I wagged my finger at him. “Think harder. You answered that question way too fast.”

“Okay, yeah, maybe. I’m pretty sure there’s a hooker in the neighborhood that goes by that name.”

“Describe her,” Frank said.

“Um, long black hair, tall, skinny. Kind of skanky-looking—you know, pimply face. She smokes a lot and shoots up.”

“She sounds really appealing, but that’s the wrong answer. How about a guy named Dwayne?”

“Dwayne? Yeah, I know Dwayne. We’ve done business in the past.”

“How long ago was ‘the past’?” Frank asked.

“Okay, we do business often, but I haven’t seen him this week.”

“What does he look like?”

“Jeez, man.”

Frank balled his fist and cracked his knuckles. “Answer the question.”

“Okay, okay. He’s big, but fat big, not roid big, like you.”

“Watch your mouth, jackass.”

“Yeah, whatever. Dwayne has a big gut, dark stringy hair, and dingy teeth. He’s not very friendly.”

“Age?”

“I don’t know, man—”

Frank cut him off. “If you call me man one more time, I’m going to hurt you.”

“Sorry. He looks older than me—maybe late thirties or so, but like I said, I haven’t seen or talked to him at all this week.”

“Know anybody else that hangs out with Dwayne?”

“Nope. I kind of keep to myself, you know?”

I snickered at him. “So that’s what you’re doing on the street corner by the bodega—keeping to yourself?”

“Um, I—”

“Forget it. Ever meet Dwayne’s wife?”

“Wife? Honestly, I didn’t know he had one. Hell, we’ve never even exchanged last names.”

“Okay. That’s it for now.” I handed him my card. “You see any suspicious shit going down around here, other than your own, give me a call.”

He chuckled. “Then I’d be on the phone with you every day. This is Englewood, remember?”

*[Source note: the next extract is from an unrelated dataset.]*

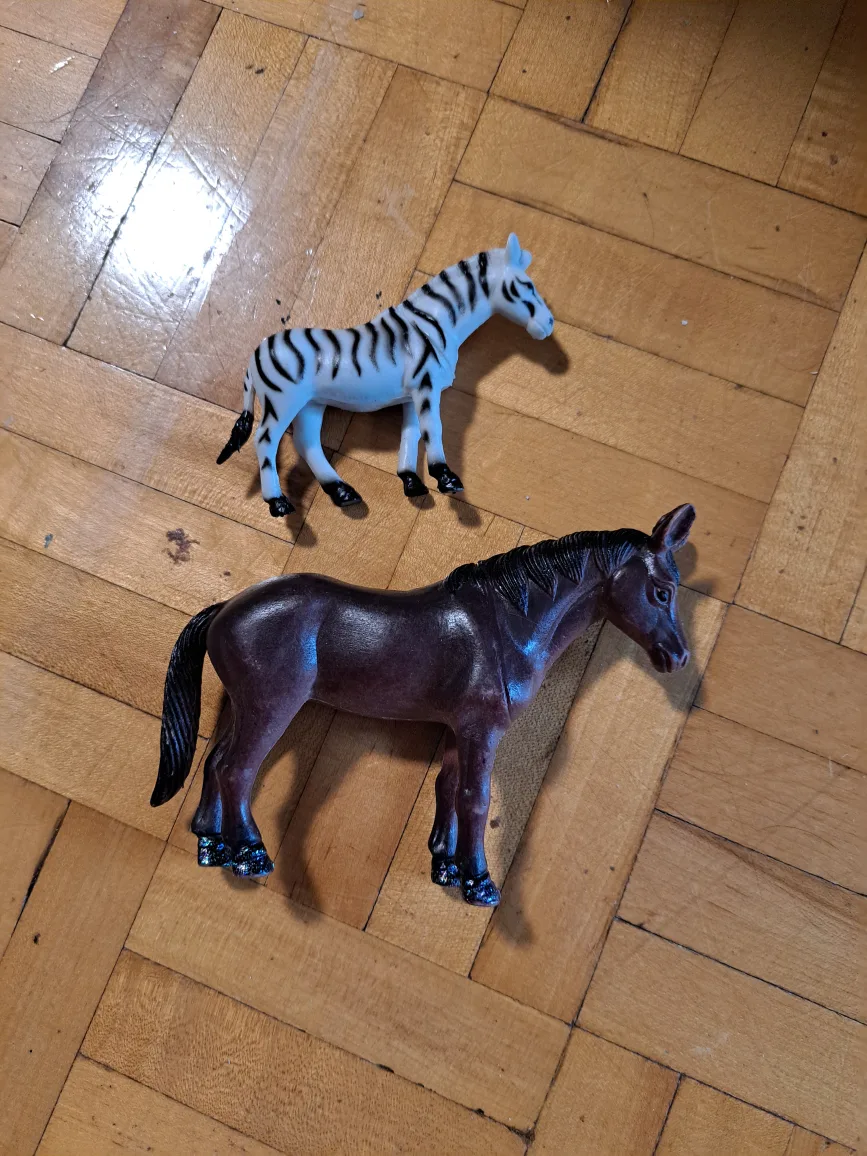 Horse Figurines Lot image indicator(4)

I grunted out a thanks, and we left.

Back at the station, I updated Lutz about the fact that Trevor knew Dwayne yet didn’t seem aware of his murder. “He told us he didn’t even know Dwayne was married, and the only Tammy he was acquainted with was a black-haired, skanky hooker.”

Lutz’s face contorted, and he waved off my comment. “Don’t need the details. Okay, starting tomorrow, you two will be tasked to follow Tammy around. With luck on our side and some suspicious activity on hers, she could break the case wide-open for us purely by her stupid behavior. We’ll give her a few days to hang herself, gather undisputable evidence against her, and then haul her ass in. Even if she isn’t the person behind the acts, she likely knows who is. That, my friends is called leverage, and we can use her actions against her.”

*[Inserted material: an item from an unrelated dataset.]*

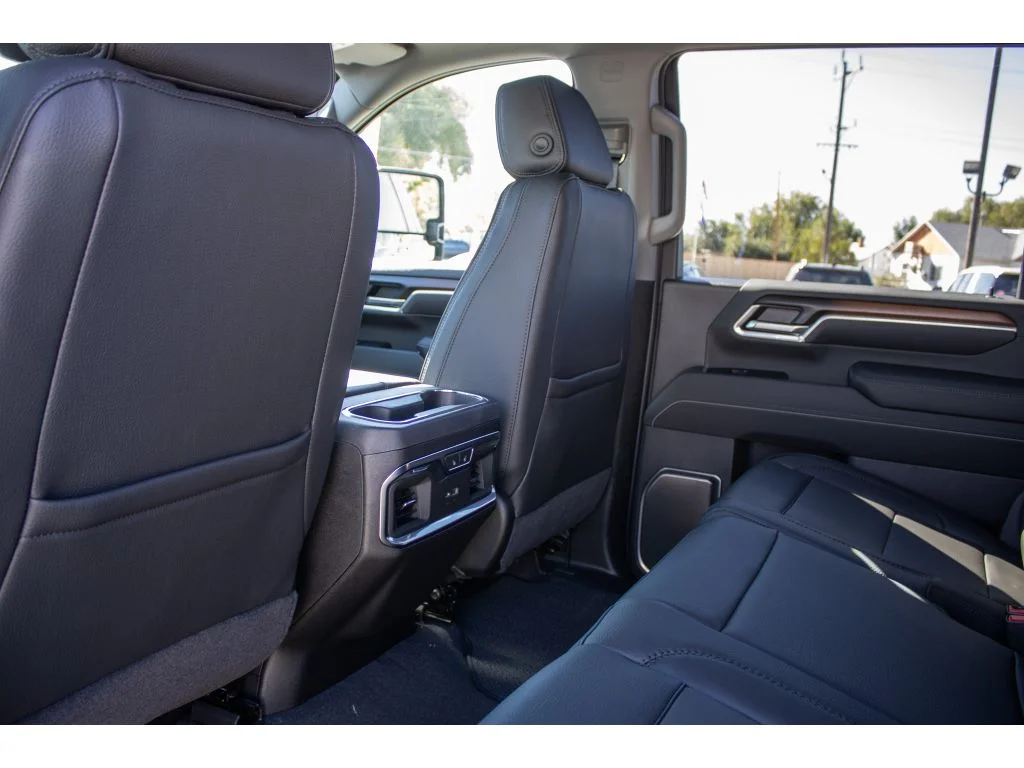 2026 GMC Sierra 3500HD Denali - Photo 23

I grinned. “Sounds good to me. Any hits since the press conference?”

Lutz’s sigh told me it wasn’t going as he’d hoped.

“Without a face or even a grainy video image of the guy, it’s like we’re paddling upstream. We’ll be chasing leads that go nowhere until the day I retire.”

“That long?”

Lutz flipped me the middle finger. “Yeah, that long.”